ABOUT PEACE PARK
In 1986 Montreal became a nuclear free zone. In the city’s commitment to nuclear disarmament and global peace Peace Park was built in 1994.
The announcement to build Peace Park came during the Jean Doré administration. He announced in 1989 that he would build a place of peace in remembrance of the tragedies of nuclear warfare, located on Saint-Laurent Boulevard in front of the Monument-National and the Montreal Pool Room.
Robert Desjardins designed the park. It’s construction started in April of 1994 and it was inaugurated on November 20th the same year. Peace Park won the Association des architectes payagistes du Quebec (AAPQ) Citation Nationale Grand Prize of Excellence.
Skateboarders and street life quickly found it’s into the park. By 2001 Peace Park became an international know skate spot.

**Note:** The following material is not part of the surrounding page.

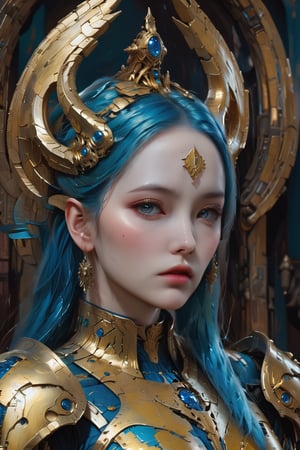 detailed full-length picture, masterpiece, best quality, ultra high resolution, visually stunning, beautiful, award-winning art (abstract art: 1.3), beautiful ))) ,epic realistic, Warhammer 40000 style A custodes girl in golden blue armor with blue hair,  perfect eyes, sexy lips, sharp focus, studio photo, intricate details, highly detailed, by greg rutkowski, more detail XL, hyper detailed, realistic, cinematic lighting,Expressiveh,concept art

In 2013 Peace Park a documentary film by David Boots co-written by Jessica McIntyre played in the park as the closing presentation for Cinéma, DJ, et chef invite as the For the People Premier. The premier consisted of a skateboard contest, free food, and music performances. It was the most successful event in the park to date with a 1000 people attending.
In 2014 David Boots with support from the Society for Arts and Technology [SAT] approached the mayor Denis Coderre at a city council meeting in June 2014 and proposed a pilot project to legalize skateboarding in the park. The pilot project was a success and in April 2015 skateboarding in Montreal was officially legalized.
Since then to help skateboarders keep their claim to Peace Park, the SAT in collaboration with MQC has been hold weekly Skate Jams with a free BBQ every Tuesday through out the summer.
Peace Park is now in need a maintenance, so the SAT, MQC, David Boot and the renowned architectural firm Rayside La- bossière are proactively working on a proposal for the city to renovate Peace Park. If all goes well Peace park will get a face lift in 2018.